Anggota Komite Badan Pengatur Hilir Minyak dan Gas Bumi (BPH Migas) Ibrahim Hasyim mengungkapkan siapa-siapa saja yang boleh atas BBM bersubsidi jelas disebutkan dalam Peraturan Presiden Nomor 15 tahun 2012.
“Dalam Perpres 15 tahun 2012 itu disebutkan siapa-siapa saja yang boleh. Disitu ada 6 kelompok, diantaranya transportasi, rumah tangga, nelayan, usaha mikro, layanan umum, usaha pertanian. Itulah yang boleh,” kata Ibrahim Hasyim, Jumat (28/11/2014) di Jakarta.
Menurut Ibrahim, kalau sudah diketahui siapa-siapa yang boleh tiap daerah sudah diberi kuota, kemudian diberi kewenangan untuk mengatur, khususnya minyak solar kepada kelompok-kelompok tertentu. Disini Pemda menetapkan siapa yang boleh dan tidak boleh. Semua yang dilakukan ini, lanjut Ibrahim, muaranya ada dua. Pertama, bagaimana agar dia (BBM subsidi) tepat sasaran, makanya diperlukan pengawasan. Kedua, harus mampu mendorong penggunaan BBM non subsidi.

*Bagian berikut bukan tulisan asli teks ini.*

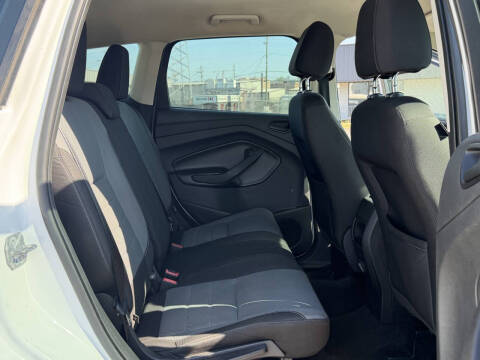 2017 Ford Escape S
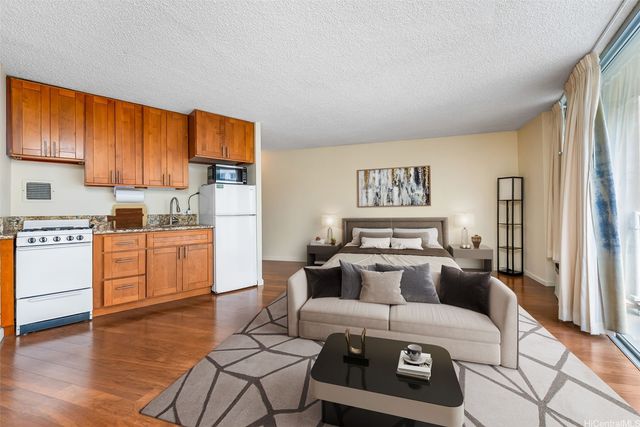 750 Amana Street 1207, Honolulu, HI 96814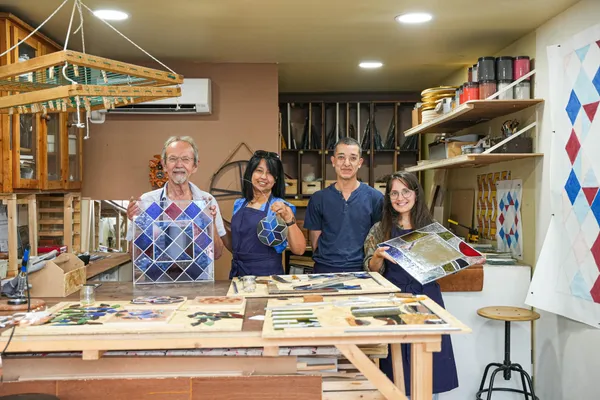 Créez votre miroir en vitrail sur une journée avec Benjamin - Image n°2 - Wecandoo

“Kalau ini berjalan maka besaran subsidi yang diberikan pemerintah bisa cukup. Makanya apabila dalam rangka pelaksanaan kuota BBM subsidi dirasa kurang maka BPH Migas pun mengeluarkan instruksi pada Agustus lalu seperti pengendalian dijalan tol, daerah-daerah tertentu tidak boleh buka pada malam hari dan sebagainya,” pungkasnya.

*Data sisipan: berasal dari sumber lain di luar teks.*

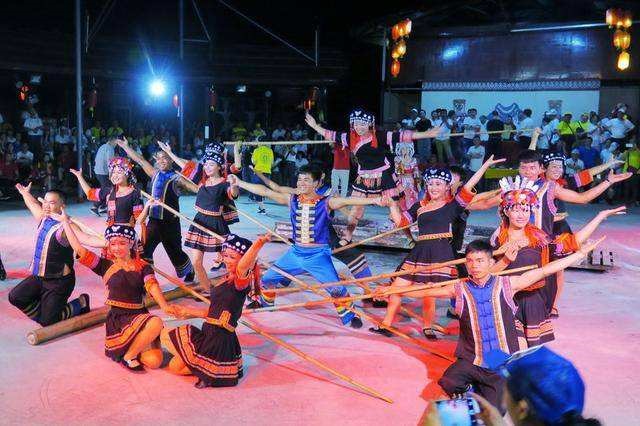 德天跨国瀑布•明仕田园•通灵峡谷•巴马长寿村•仁寿源•长桌宴•篝火晚会 3天2晚纯玩游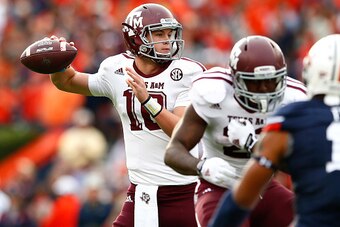 AUBURN, AL - NOVEMBER 08:  Kyle Allen #10 of the Texas A&M Aggies looks to pass against the Auburn Tigers at Jordan Hare Stadium on November 8, 2014 in Auburn, Alabama.  (Photo by Kevin C. Cox/Getty Images)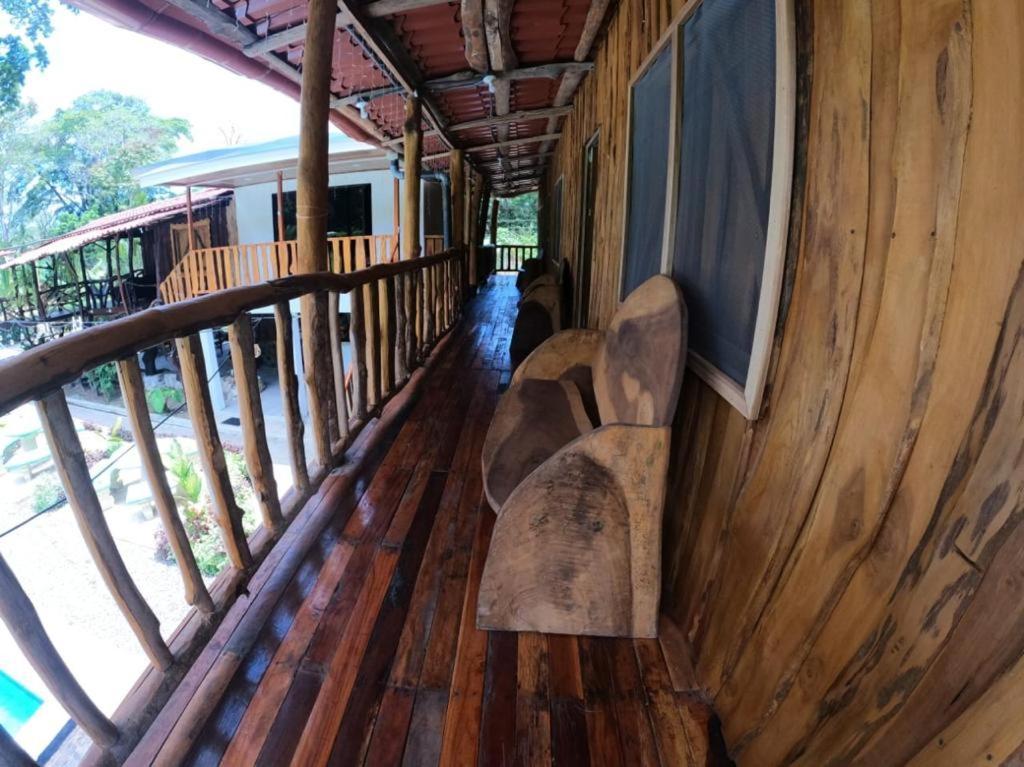 Tree House Samanea Lodge Πουέρτο Λιμόν Εξωτερικό φωτογραφία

Ibrahim menambahkan insiatif pengendalian juga berjalan di daerah. Tiap-tiap daerah karena merasa mendapat kuota tertentu dan dia harus menyelamatkan kebutuhan rakyatnya akhirnya dia mengeluarkan inisiatif- inisiatif sendiri. Dibeberapa daerah itu jalan, seperti hanya boleh membeli berapa liter atau berapa rupiah.
Sementara terkait dengan pengawasan BBM subsidi tersebut, Komite BPH Migas Martin Samodra Ritonga, mengatakan secara prinsip telah diupayakan dengan model-model peraturan. Salah satu model yang dibuat adalah dengan penerbitan rekomendasi Satuan Kerja Perangkat Daerah (SKPD).
“Nelayan tidak bisa mendapat BBM subsidi begitu saja. Dia harus melalui rekomendasi yang sudah terdaftar. Ini salah satu cara untuk mengendalikan dan supaya BBM subsidi tepat sasaran. Sistem itu sebenarnya sudah sebagai satu pengawasan,” dicontohkan Martin.